[[ Task material, beginning ]]

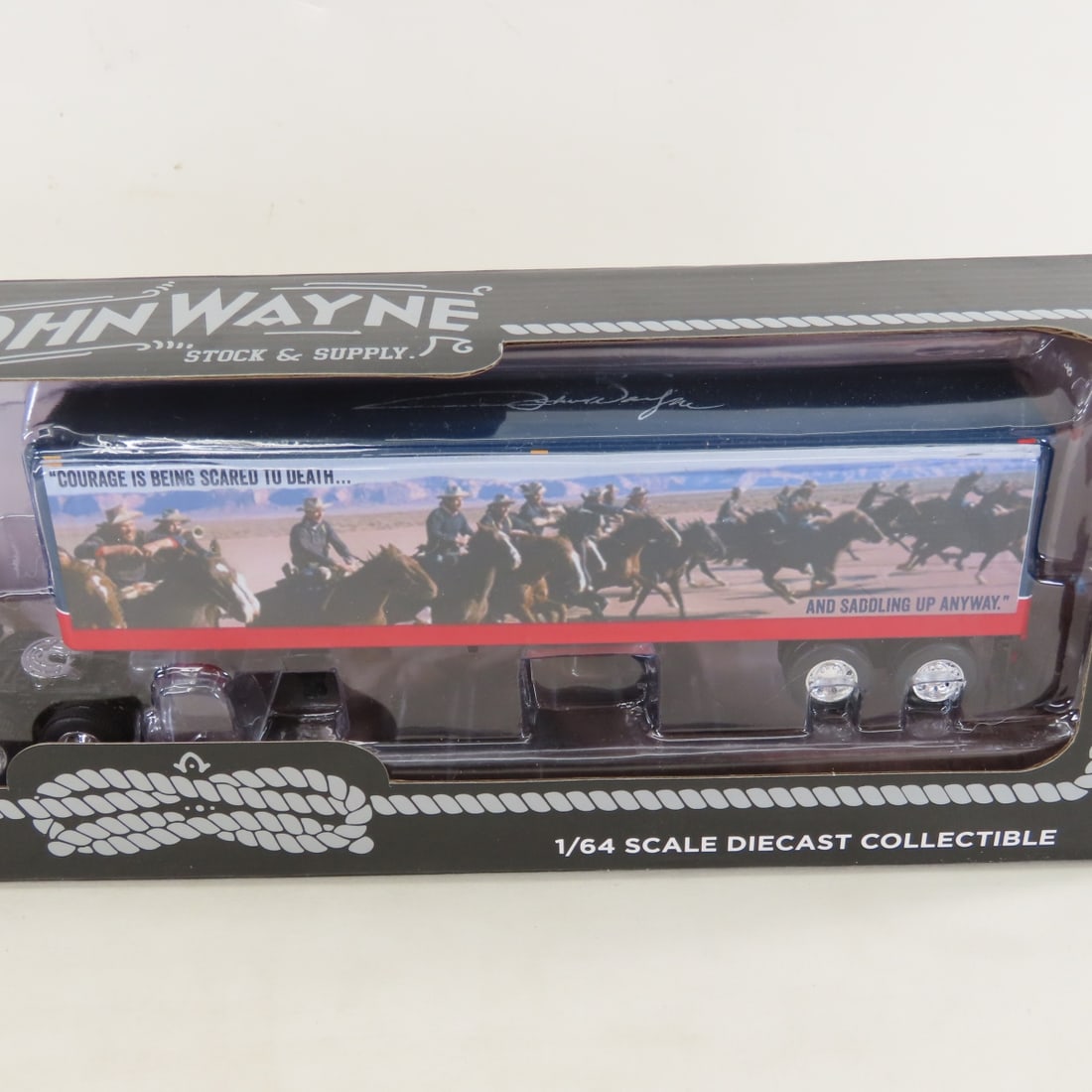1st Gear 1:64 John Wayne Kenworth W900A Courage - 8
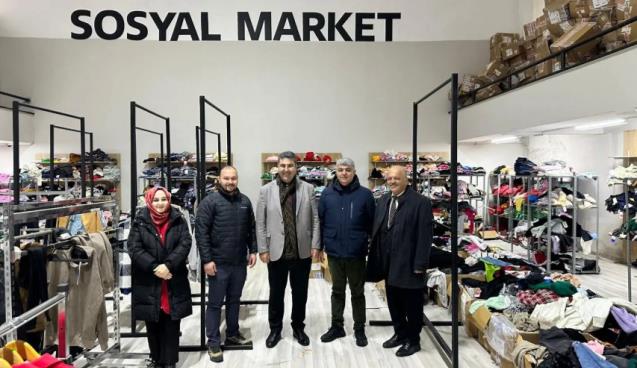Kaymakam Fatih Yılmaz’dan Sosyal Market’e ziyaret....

[[ Task material, end ]]
[[ Task material, beginning ]]

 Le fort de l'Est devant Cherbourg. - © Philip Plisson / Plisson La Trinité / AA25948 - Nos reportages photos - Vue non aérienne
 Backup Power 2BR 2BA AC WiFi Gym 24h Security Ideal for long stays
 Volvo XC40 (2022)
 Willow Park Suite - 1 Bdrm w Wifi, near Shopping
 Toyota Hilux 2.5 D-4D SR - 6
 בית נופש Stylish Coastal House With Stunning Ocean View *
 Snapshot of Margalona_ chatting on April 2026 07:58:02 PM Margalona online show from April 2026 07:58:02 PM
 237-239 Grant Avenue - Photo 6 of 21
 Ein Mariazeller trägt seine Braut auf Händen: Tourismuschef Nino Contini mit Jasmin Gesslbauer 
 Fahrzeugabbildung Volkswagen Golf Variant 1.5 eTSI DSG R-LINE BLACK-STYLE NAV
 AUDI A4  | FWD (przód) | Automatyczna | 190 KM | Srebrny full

[[ Task material, end ]]
[[ Task material, beginning ]]

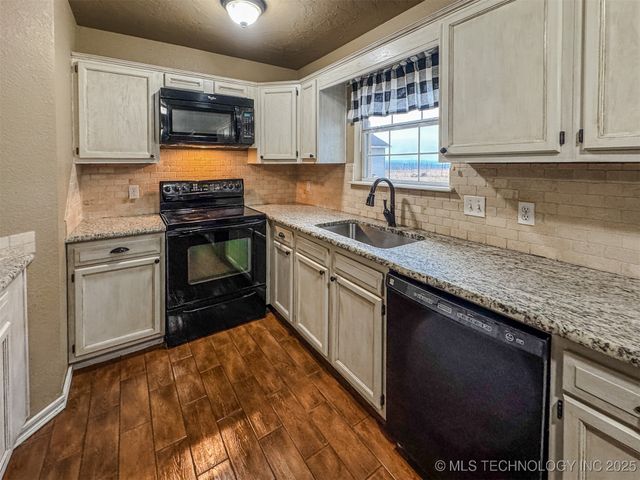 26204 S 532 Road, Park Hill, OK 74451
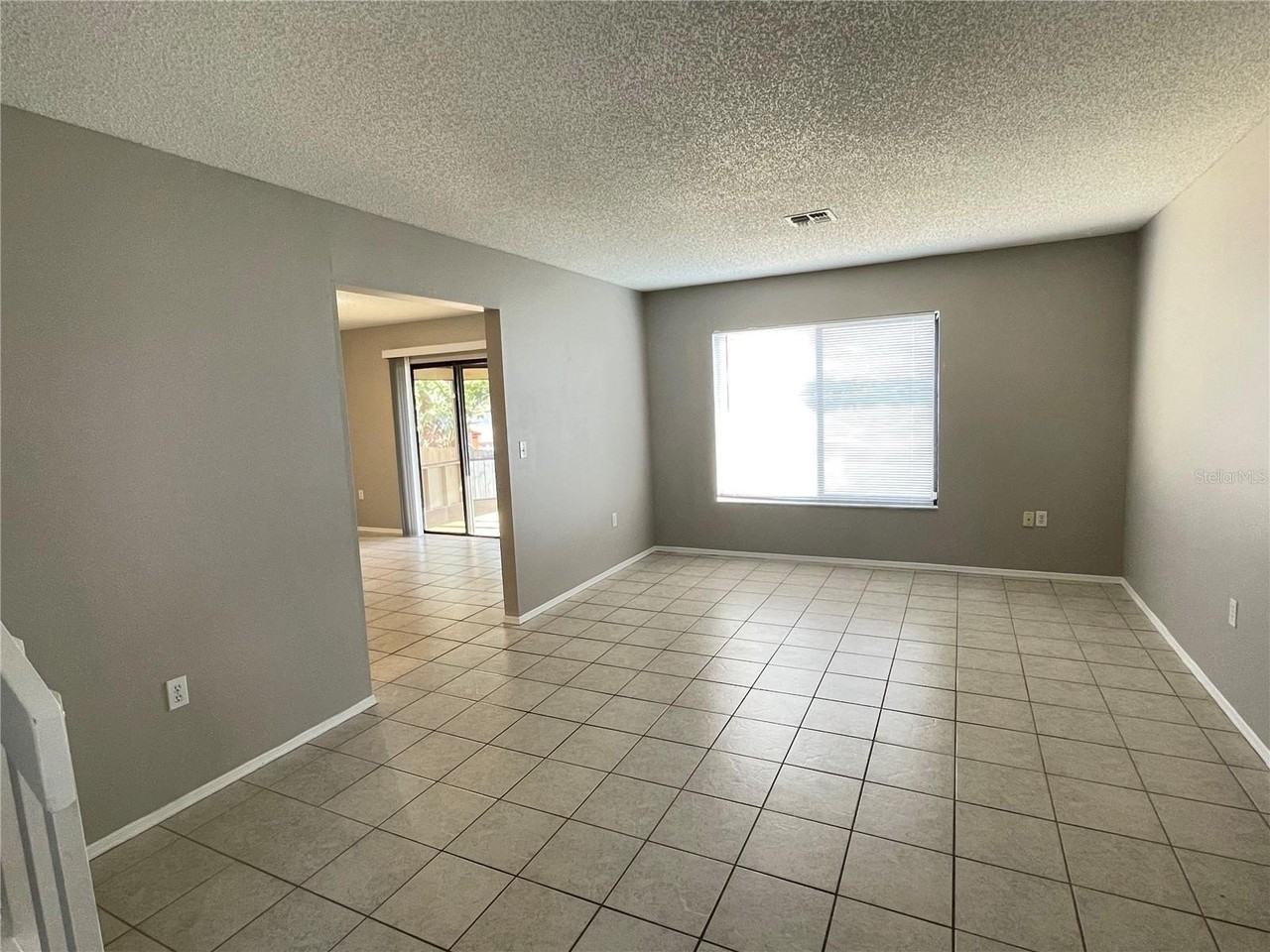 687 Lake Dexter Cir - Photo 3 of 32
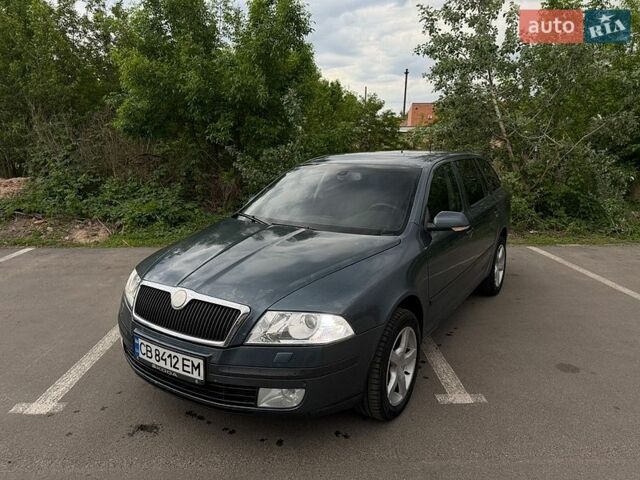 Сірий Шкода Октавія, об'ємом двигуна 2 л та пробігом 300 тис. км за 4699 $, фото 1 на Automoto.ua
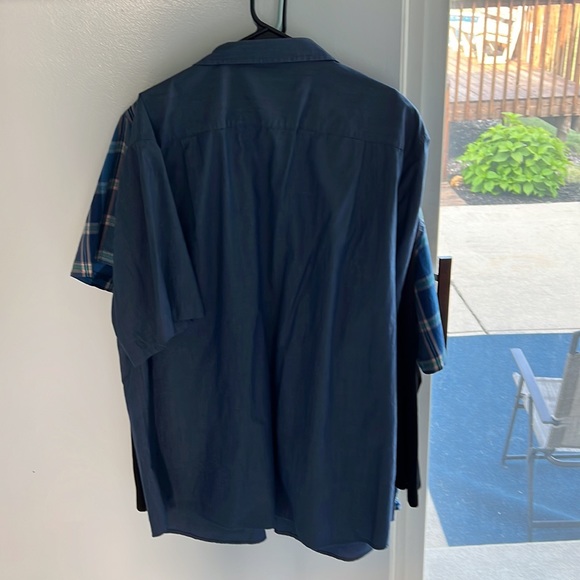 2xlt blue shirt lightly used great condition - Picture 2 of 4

[[ Task material, end ]]

▶ **What you are asked to do**:
Take the stretch of lines above from the one containing "237-239 Grant Avenue - Photo 6 of 21" through the one containing "AUDI A4  | FWD" and repeat it exactly, adding no other line.

▶ **Solved exercise**:
 237-239 Grant Avenue - Photo 6 of 21
 Ein Mariazeller trägt seine Braut auf Händen: Tourismuschef Nino Contini mit Jasmin Gesslbauer 
 Fahrzeugabbildung Volkswagen Golf Variant 1.5 eTSI DSG R-LINE BLACK-STYLE NAV
 AUDI A4  | FWD (przód) | Automatyczna | 190 KM | Srebrny full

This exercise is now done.